И камень превращается в песок.

«Гадальщик на кофейной гуще, он знал, что дни его долги…»

Гадальщик на кофейной гуще, он знал, что дни его долги,

и говорил, как власть имущий, и мне советовал – не лги

и не ищи иного смысла в житье, чем тот, что Бог и бес

влагают, как простые числа, в хитросплетения словес.

Он не достиг земного рая. Он рано умер, и вдова,

его бумаги разбирая, искала главные слова,

те самые, одни из тысяч, чтоб вспомнить, словно о живом,

чтоб их уместно было высечь на тяжком камне гробовом.

Я помогал ей (это длилось дня два), но ни одна строка

не подошла. Лишь сердце билось да расплывались облака

в неверном небе Подмосковья. Нет эпитафий никому.

Любовь рифмуется с любовью, а голос – с выстрелом во тьму.

И молча я промолвлю: что нам живая речь и смертный стыд?

Над раскалённым Вашингтоном светило тяжкое висит,

огнём гранёным, сном багровым асфальтовая спит заря,

но не выдерживает слово цепей земного словаря.

«Я шагал с эпохой в ногу, знал поэтов и певцов…»

Я шагал с эпохой в ногу, знал поэтов и певцов,

знал художников немного и известных мудрецов.

Рассуждал о коммунизме, о стихах, о смысле жизни

или шахматной игрой с ними тешился порой.

И не просто для забавы эти творческие львы

говорили мне, что слава слаще мёда и халвы —

что в виду они имели, сочиняя эту речь,

олимпийцы, чем хотели друга скромного увлечь?

Слава – яркая заплата.
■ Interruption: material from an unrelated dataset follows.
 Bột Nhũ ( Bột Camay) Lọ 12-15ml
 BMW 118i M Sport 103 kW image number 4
Это Пушкин написал.

Но она же и зарплата, и шампанского бокал,

Был я полностью согласен и завистливо глядел,

представлялся мне прекрасен этот радостный удел.

Но успешно миновала юность робкая моя.

И давно забочусь мало о таких моментах я.
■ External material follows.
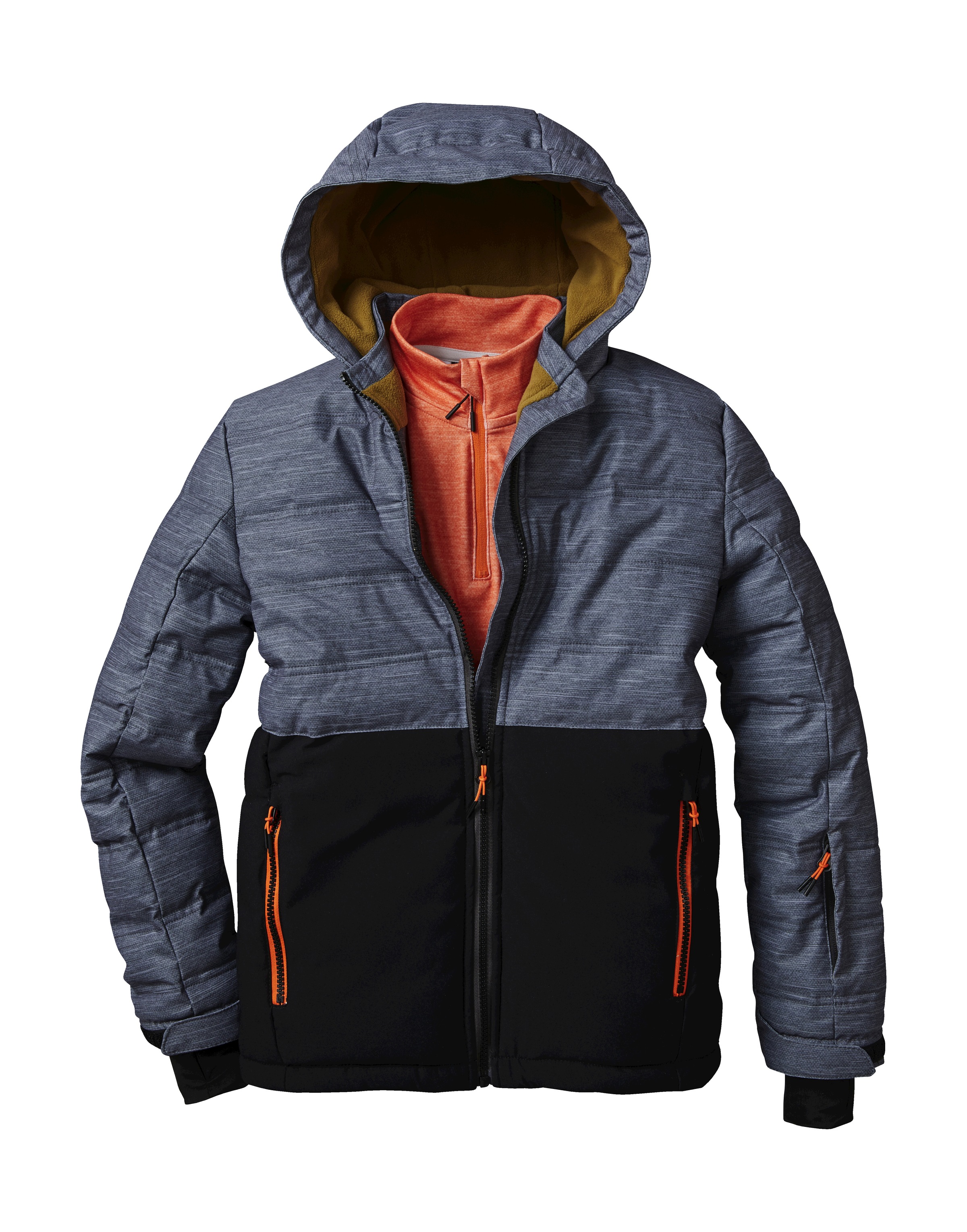 Killtec Skijacke »KSW 178 BYS SKI QLTD JCKT«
Больше нет советской власти, лишь доносится в ночи:

не ищи, бахытик, счастья, легкой смерти не ищи.

Даже слава – только слово, уходящее во сне,

вроде саши соколова по серебряной лыжне,

вроде рюмки алкоголя, вроде флоксов на столе —

вроде ветра в чистом поле, в вологодском феврале…

«Переживёшь дурные времена…»

Переживёшь дурные времена,

хлебнёшь вины и океанской пены,

солжешь, предашь – и вдруг очнёшься на

окраине декабрьской ойкумены.

Пустой собор в строительных лесах.

Добро в мешок собрав неторопливо,

с морскою солью в светлых волосах

ночь-нищенка спускается к заливу.

Ступай за ней куда глаза глядят,

расплачиваясь с шорохом прибоя…

Не здесь ли разместился зимний ад

для мёртвых душ, которым нет покоя,

не здесь ли вьётся в ледяной волне

глухой дельфин и как-то виновато

чадит свеча в оставленном окне?

Жизнь хороша, особенно к закату,

и молча смотрит на своих детей,

как Сириус в рождественскую стужу,

дух, отделивший мясо от костей,

твердь – от воды и женщину от мужа.

«Где гудок паровозный долог, как смертный стон…»

Где гудок паровозный долог, как смертный стон,

полосой отчужденья мчаться Бог весть откуда —

мне пора успокоиться, руки сложив крестом,

на сосновой полке, в глухом ожиданье чуда.

Побегут виденья, почудится визг и вой —

то пожар в степи, то любовь, будто ад кромешный.